Collected data:
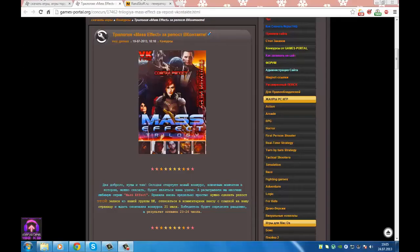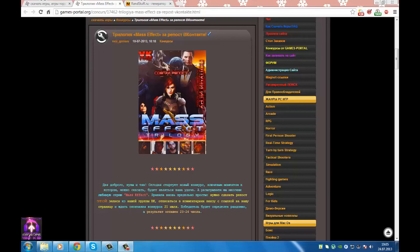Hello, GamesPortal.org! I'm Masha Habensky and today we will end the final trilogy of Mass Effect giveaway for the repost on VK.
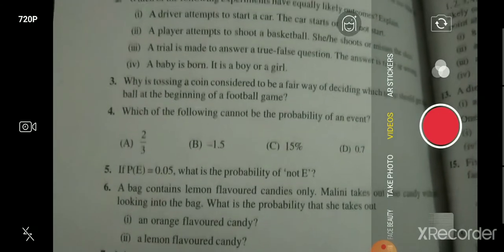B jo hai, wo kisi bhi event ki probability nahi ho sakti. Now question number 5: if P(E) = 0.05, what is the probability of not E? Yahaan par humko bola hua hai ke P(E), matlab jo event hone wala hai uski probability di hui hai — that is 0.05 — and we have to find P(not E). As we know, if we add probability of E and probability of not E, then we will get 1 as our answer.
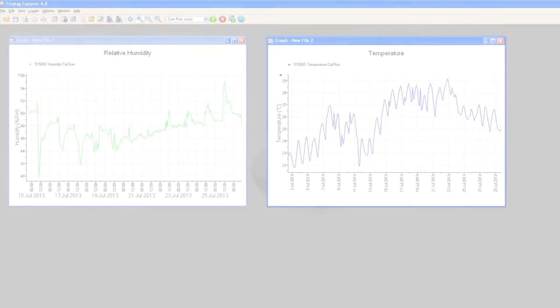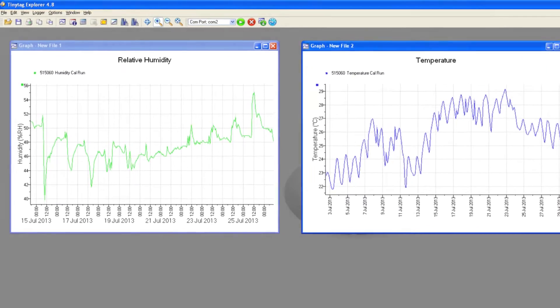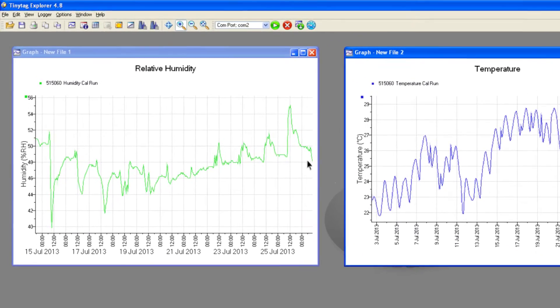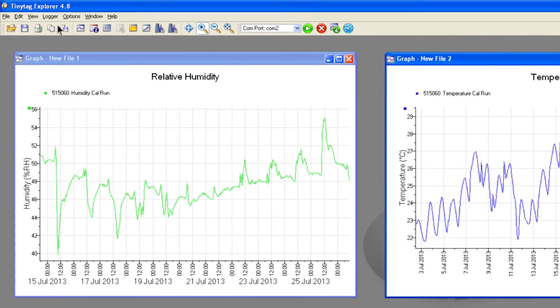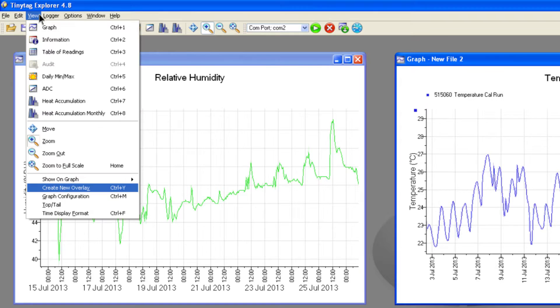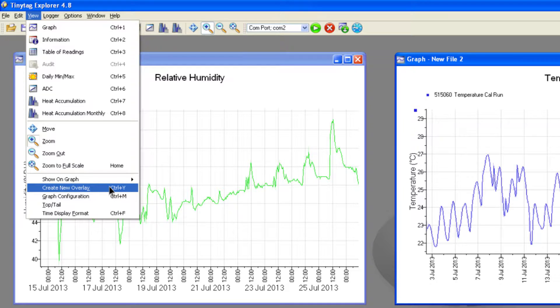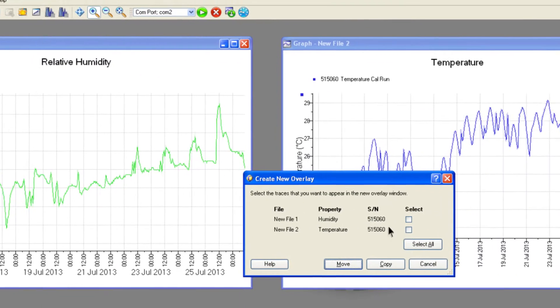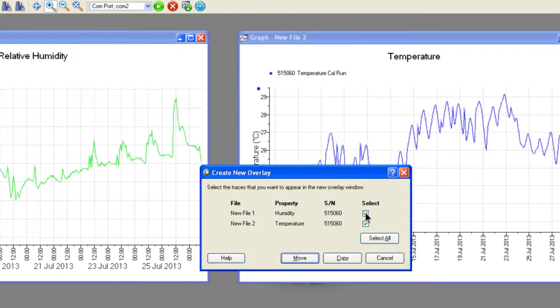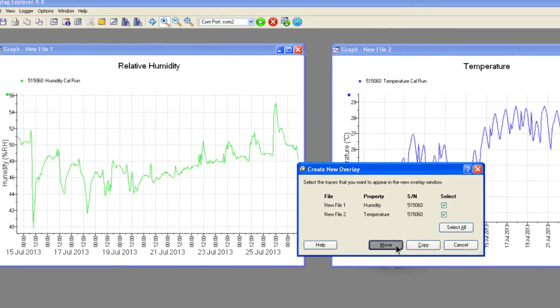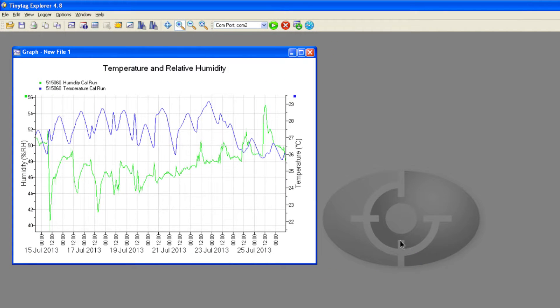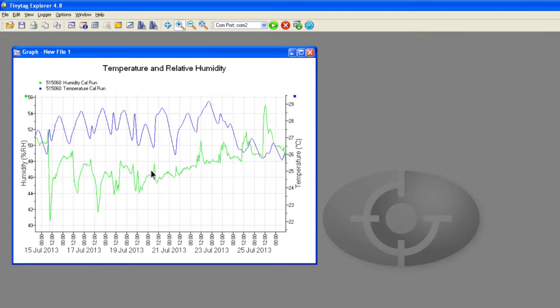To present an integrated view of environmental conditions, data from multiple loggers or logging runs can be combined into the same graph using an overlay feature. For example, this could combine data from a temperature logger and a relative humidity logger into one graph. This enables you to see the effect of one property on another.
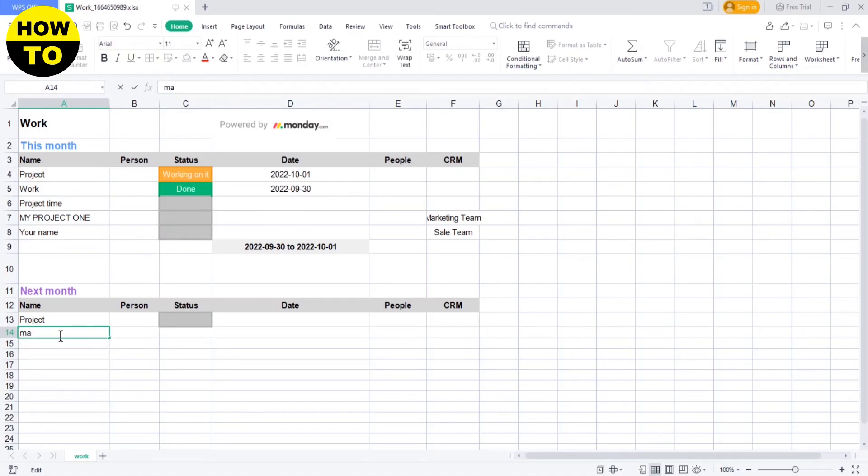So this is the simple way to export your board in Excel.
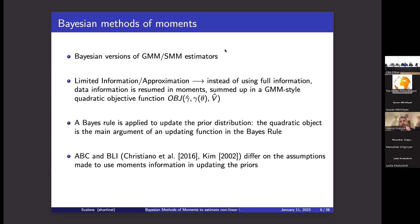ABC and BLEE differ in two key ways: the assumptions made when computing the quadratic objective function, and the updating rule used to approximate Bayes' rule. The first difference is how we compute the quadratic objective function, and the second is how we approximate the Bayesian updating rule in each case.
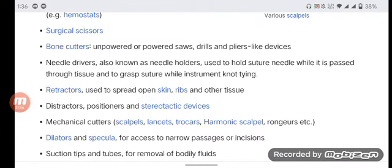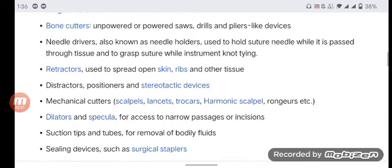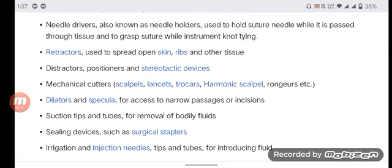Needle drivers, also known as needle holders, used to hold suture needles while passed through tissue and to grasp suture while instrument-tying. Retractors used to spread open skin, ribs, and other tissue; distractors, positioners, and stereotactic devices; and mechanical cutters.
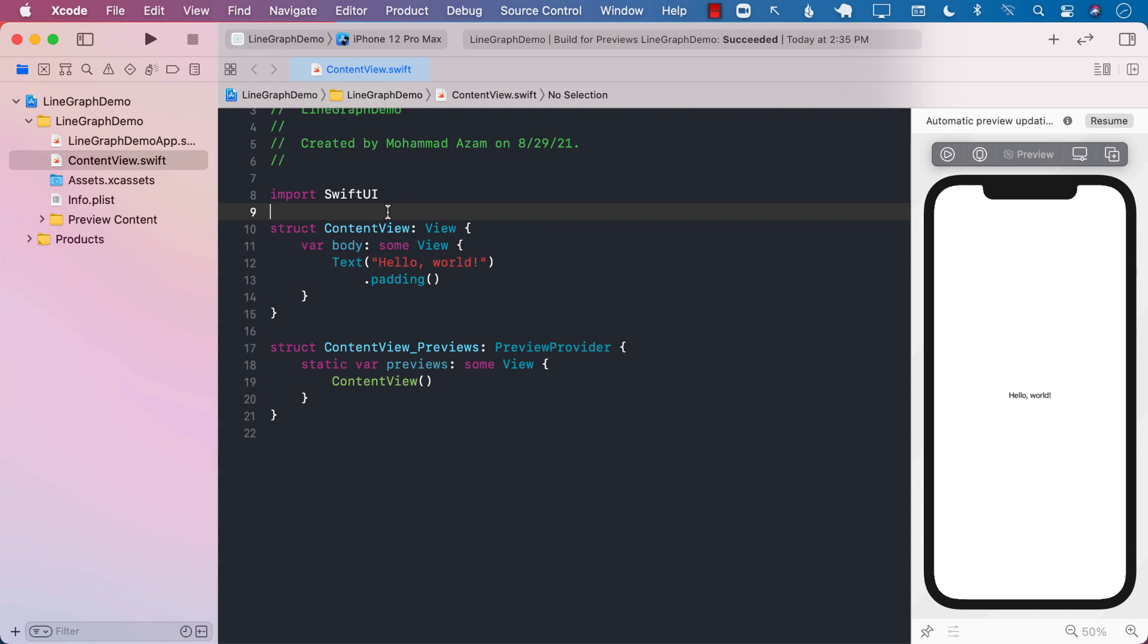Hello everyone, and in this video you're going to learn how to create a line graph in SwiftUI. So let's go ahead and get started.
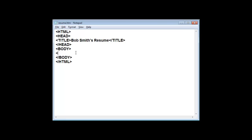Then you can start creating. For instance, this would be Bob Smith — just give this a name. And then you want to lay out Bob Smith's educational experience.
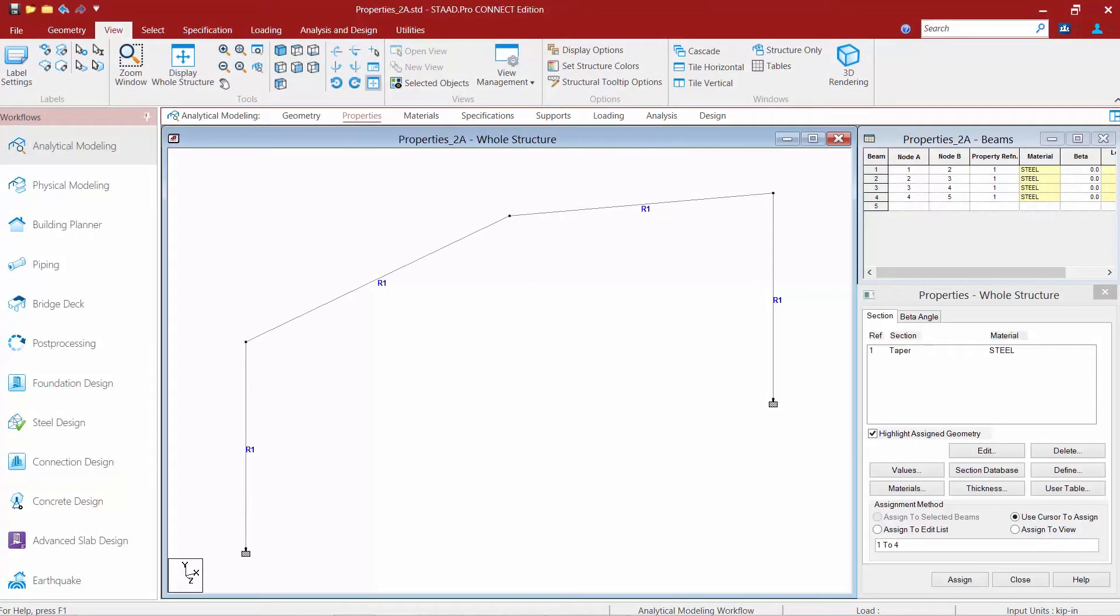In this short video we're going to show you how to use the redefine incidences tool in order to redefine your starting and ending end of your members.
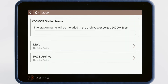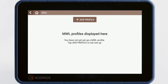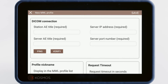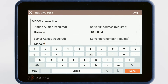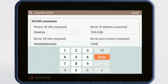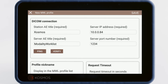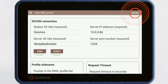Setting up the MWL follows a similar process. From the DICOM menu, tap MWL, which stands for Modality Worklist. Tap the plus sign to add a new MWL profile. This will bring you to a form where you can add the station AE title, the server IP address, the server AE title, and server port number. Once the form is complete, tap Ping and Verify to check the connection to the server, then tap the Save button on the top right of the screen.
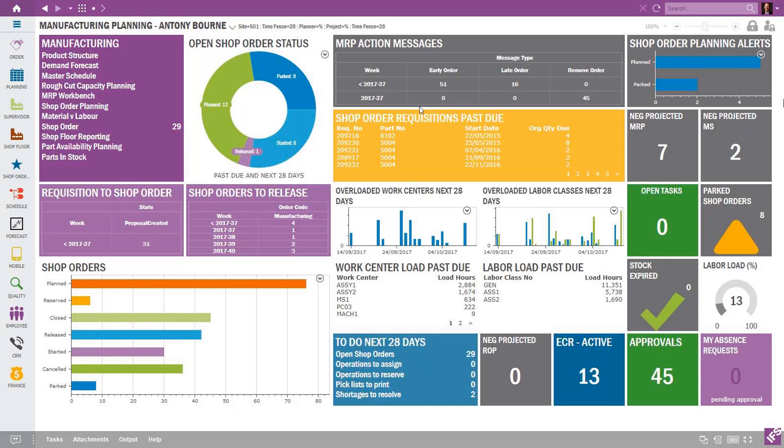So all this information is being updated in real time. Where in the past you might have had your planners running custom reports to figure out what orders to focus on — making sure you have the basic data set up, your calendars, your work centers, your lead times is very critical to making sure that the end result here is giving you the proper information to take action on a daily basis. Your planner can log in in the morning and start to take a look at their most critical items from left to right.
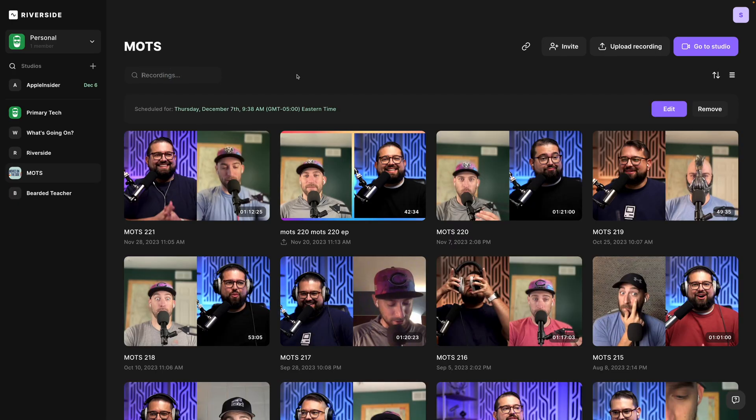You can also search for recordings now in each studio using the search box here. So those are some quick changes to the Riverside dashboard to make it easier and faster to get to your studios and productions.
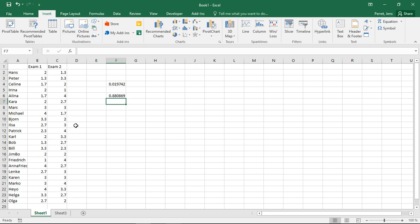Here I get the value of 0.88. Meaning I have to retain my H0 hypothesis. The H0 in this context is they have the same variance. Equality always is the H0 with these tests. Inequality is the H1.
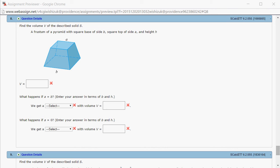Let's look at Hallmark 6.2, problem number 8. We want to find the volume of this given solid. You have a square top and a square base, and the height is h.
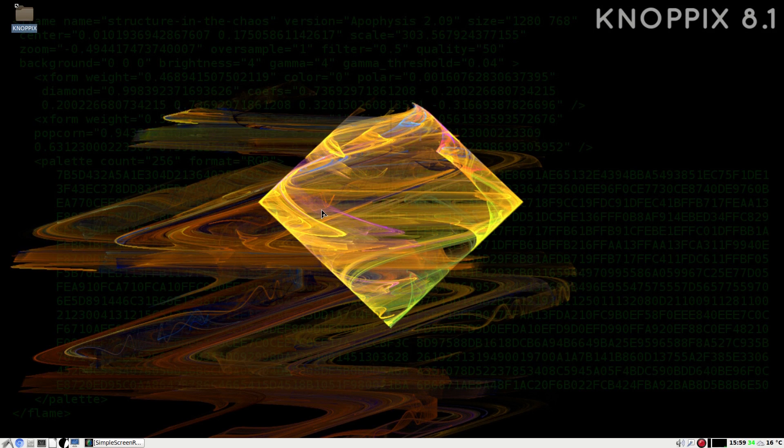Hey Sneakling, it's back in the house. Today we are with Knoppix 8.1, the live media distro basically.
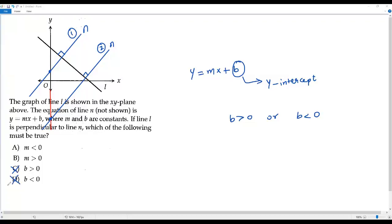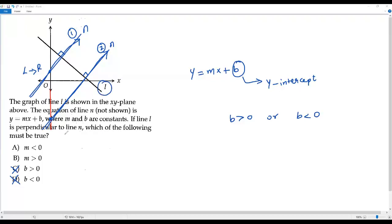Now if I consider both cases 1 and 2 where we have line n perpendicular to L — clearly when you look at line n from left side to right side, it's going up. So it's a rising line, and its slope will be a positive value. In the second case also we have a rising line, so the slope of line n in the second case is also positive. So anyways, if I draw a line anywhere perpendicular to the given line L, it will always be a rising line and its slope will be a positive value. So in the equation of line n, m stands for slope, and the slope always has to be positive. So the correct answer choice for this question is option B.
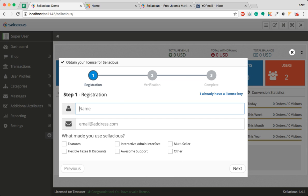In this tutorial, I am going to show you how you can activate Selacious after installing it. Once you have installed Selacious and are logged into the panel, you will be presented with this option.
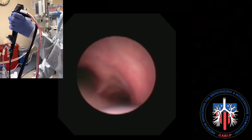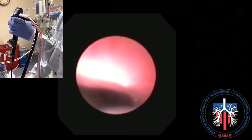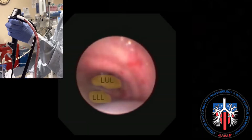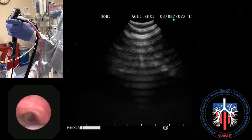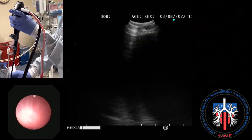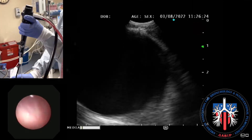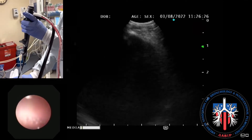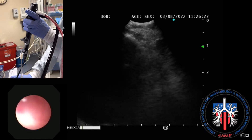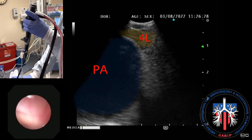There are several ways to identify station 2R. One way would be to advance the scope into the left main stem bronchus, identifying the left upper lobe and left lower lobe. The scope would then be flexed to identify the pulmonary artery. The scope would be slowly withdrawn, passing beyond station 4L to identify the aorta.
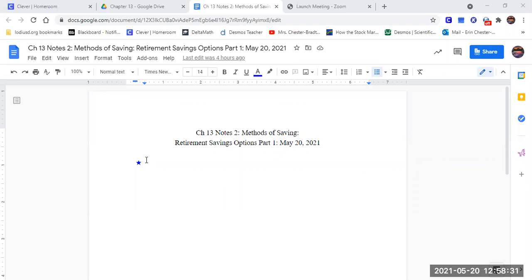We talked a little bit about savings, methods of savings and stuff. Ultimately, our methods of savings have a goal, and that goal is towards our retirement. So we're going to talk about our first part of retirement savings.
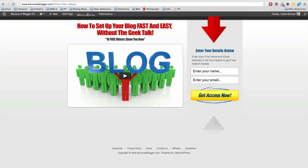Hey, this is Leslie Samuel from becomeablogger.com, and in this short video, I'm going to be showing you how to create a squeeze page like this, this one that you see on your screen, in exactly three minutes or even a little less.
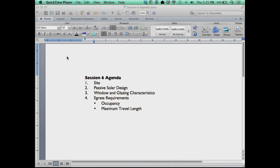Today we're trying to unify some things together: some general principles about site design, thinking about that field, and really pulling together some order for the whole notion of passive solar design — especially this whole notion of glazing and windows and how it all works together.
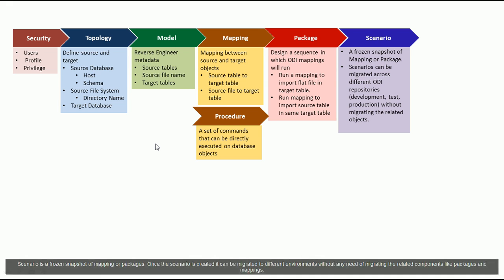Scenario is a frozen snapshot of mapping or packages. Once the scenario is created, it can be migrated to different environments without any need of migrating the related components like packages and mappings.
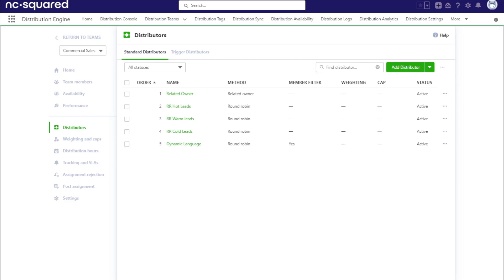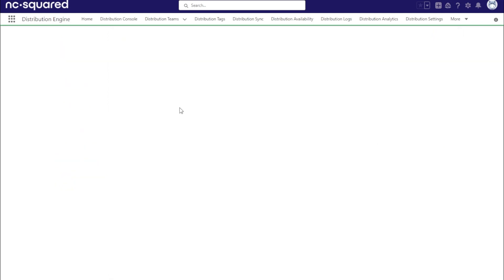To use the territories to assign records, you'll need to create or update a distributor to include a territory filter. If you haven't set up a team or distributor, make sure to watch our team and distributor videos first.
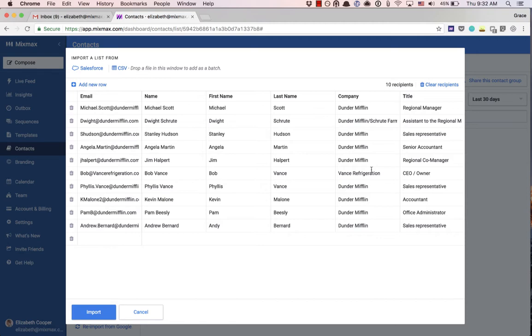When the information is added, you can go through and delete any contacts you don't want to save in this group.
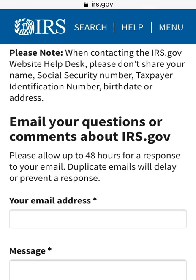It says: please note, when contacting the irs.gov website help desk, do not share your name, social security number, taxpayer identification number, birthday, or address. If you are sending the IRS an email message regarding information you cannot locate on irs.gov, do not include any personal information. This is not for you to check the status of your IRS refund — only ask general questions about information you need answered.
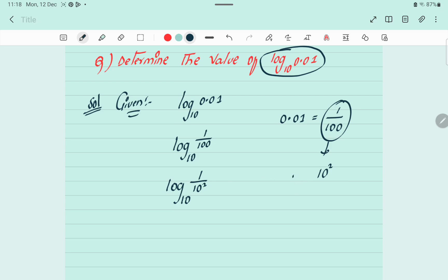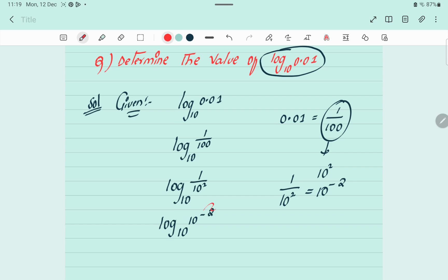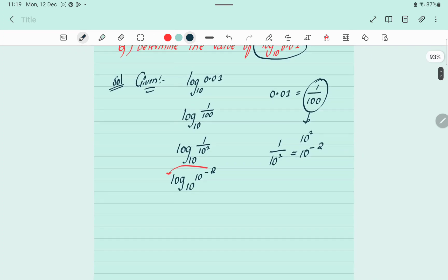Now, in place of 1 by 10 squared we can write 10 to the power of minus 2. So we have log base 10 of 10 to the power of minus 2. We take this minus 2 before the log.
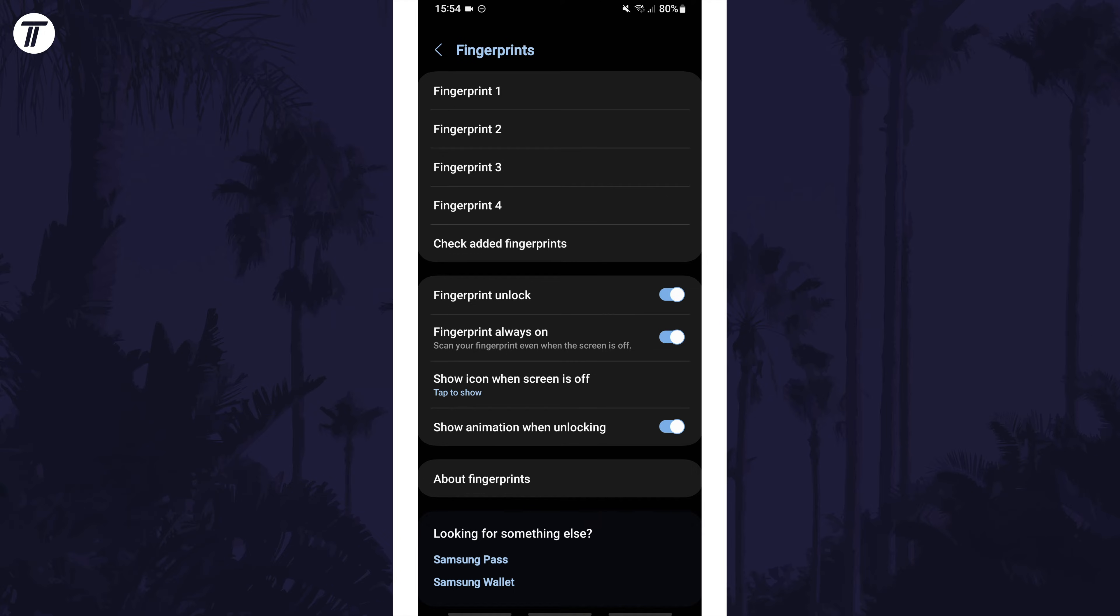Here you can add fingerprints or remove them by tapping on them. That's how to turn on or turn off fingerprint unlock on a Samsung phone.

- _Task objective_:
Only lines belong in the copy, not pictures: write out exactly the lines of the records from the first through the one holding "To present an".

- _Exercise output_:
Hello, GamesPortal.org! I'm Masha Habensky and today we will end the final trilogy of Mass Effect giveaway for the repost on VK.
B jo hai, wo kisi bhi event ki probability nahi ho sakti. Now question number 5: if P(E) = 0.05, what is the probability of not E? Yahaan par humko bola hua hai ke P(E), matlab jo event hone wala hai uski probability di hui hai — that is 0.05 — and we have to find P(not E). As we know, if we add probability of E and probability of not E, then we will get 1 as our answer.
To present an integrated view of environmental conditions, data from multiple loggers or logging runs can be combined into the same graph using an overlay feature. For example, this could combine data from a temperature logger and a relative humidity logger into one graph. This enables you to see the effect of one property on another.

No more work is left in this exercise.